A documentary was released at the end of May which is all about the cost of clothing to the environment and human rights issues.
I love a good documentary! But what makes this one special is how recently it was made AND how big it is – this interviews are with incredible people like the director of People Tree, Stella McCartney and Vandana Shiva as well as people around the world who are affected by the fashion industry.
40 million people are employed as garment workers – I knew this was a big issue, but it’s just incomprehensible! It shows as individuals what difference we can make as we buy clothes.
The world now consumes about 80 billion new pieces of clothing every year – what?!! Again, this is incomprehensible. It’s so wasteful and shows how unnecessary most of it must be. I donate any unwanted clothing to charity shops, but that’s not a closed loop as I don’t buy ALL my clothes second hand.

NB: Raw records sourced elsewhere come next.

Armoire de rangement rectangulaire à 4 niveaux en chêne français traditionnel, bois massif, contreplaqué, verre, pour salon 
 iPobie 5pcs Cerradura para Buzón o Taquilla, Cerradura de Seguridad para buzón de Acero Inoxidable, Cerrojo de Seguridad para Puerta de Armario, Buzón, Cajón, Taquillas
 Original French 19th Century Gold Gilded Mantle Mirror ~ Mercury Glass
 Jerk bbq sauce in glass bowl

There was also a load of really interesting stories and facts about the importance of organic clothing. This was something I wasn’t really aware of, so it was super interesting! I’m going to make an effort from now on to buy more organic food and clothing.
I think I knew most of the human rights issues around the fashion industry, but it’s good to get a reminder! And I didn’t really consider the environmental factor before. So while this is a great way to be introduced to the issues with fast fashion, it’s also a useful film for anyone really.

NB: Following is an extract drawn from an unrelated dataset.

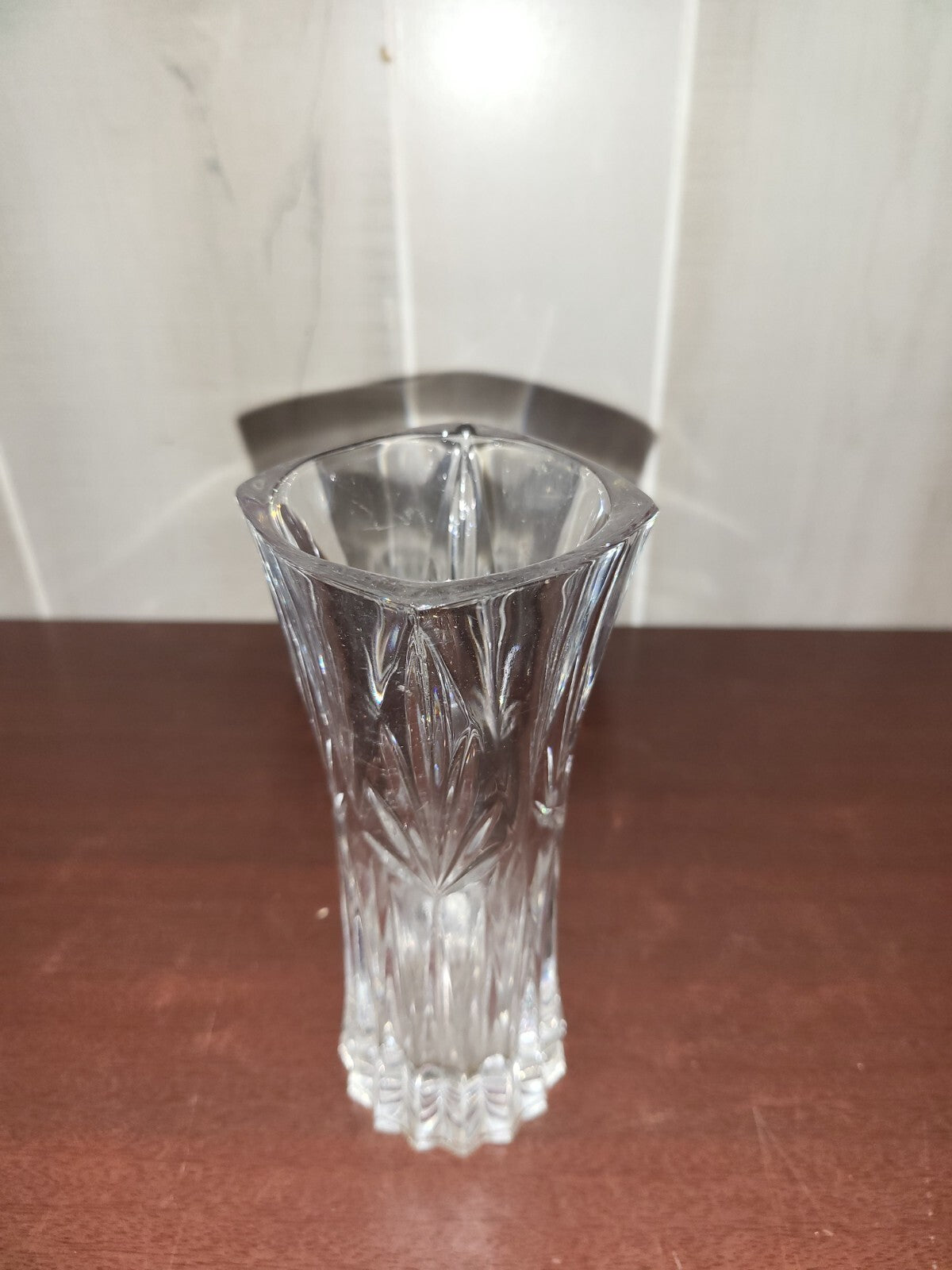 Clear Crystal Pillar Vase 6.5H x 2.5"W Heavy Unmarked No Chips or Cracks #3064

The website has 5 Tips for Shopping Smarter which I will be putting into practice!
In addition to the individual responsibility and brand responsibilities, it also touched on the economic system. Capitalism demands constant growth – this is inherently unsustainable and requires some people to forgo their human rights in order for the system to work. I think this is really important for people to recognise, as we are limited in what we can do as individuals.
However, my personal target will be to buy everything from truly ethical companies (People Tree, Braintree etc.) or second hand (charity shops, ebay etc.). I think the only time I’m going to fall down on this is with underwear, socks and tights, as I don’t want to pay THAT much and I also feel a bit icky buying it second hand… We’ll see!
Have you got any tips for avoiding fast fashion?
As for capitalism… Well, I’ll have to work on what I can do about that!